Return the lines of the data below starting at the one holding "Tek Büyük Yataklı" and ending at the one holding "Delock Kabelkanal selbstklebend", word for word, leaving every picture out.

[Stored data — start]

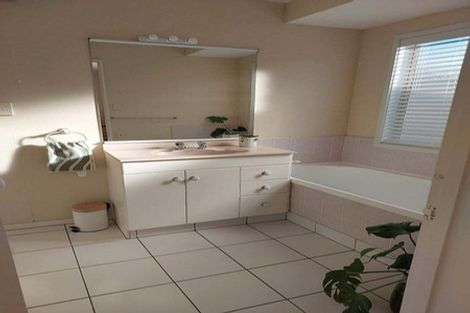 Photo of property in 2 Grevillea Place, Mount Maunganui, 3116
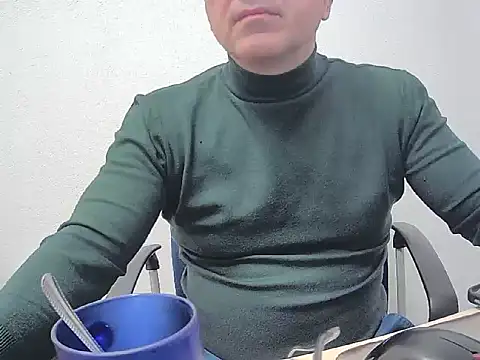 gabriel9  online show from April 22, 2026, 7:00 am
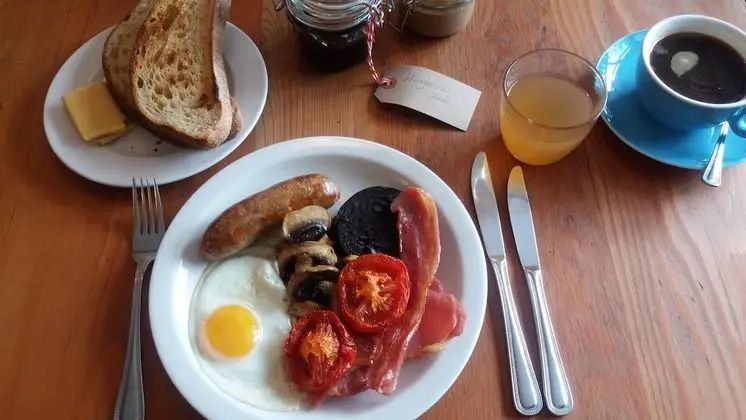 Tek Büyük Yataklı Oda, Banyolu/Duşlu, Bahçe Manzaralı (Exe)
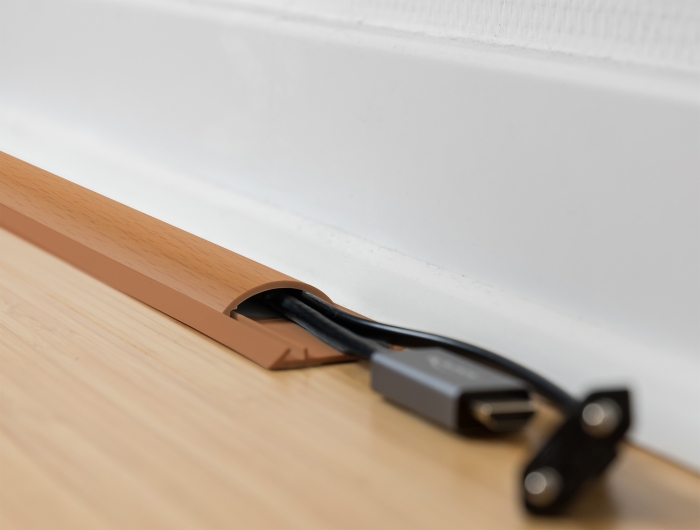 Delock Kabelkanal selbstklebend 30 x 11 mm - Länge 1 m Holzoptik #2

[Stored data — finish]
[Stored data — start]

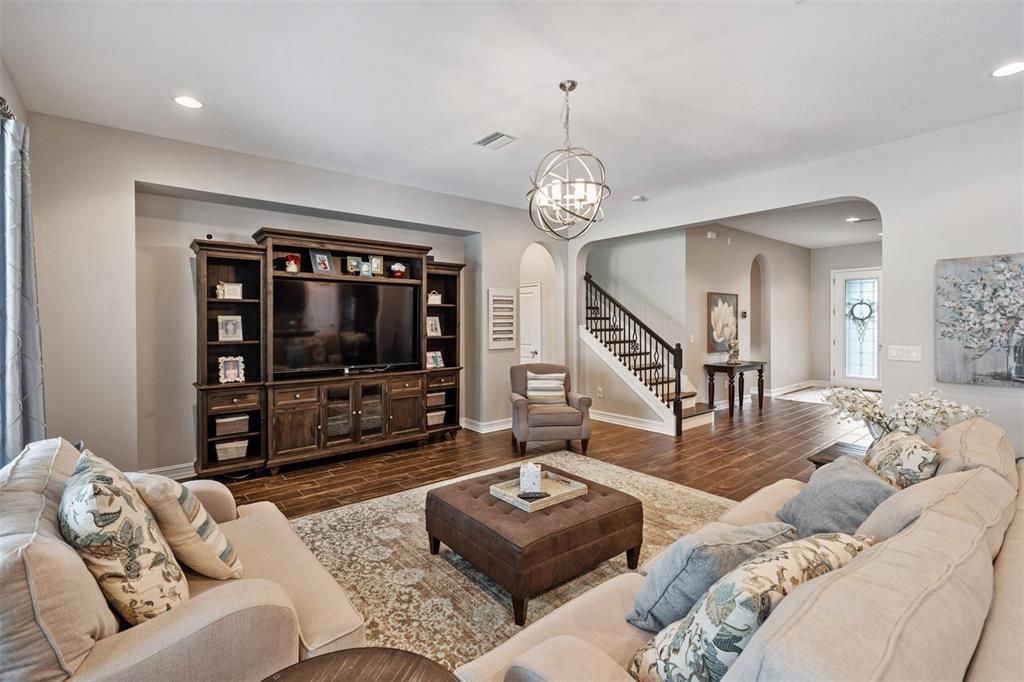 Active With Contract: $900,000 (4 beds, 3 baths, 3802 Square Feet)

[Stored data — finish]

§ Solution for this exercise
 Tek Büyük Yataklı Oda, Banyolu/Duşlu, Bahçe Manzaralı (Exe)
 Delock Kabelkanal selbstklebend 30 x 11 mm - Länge 1 m Holzoptik #2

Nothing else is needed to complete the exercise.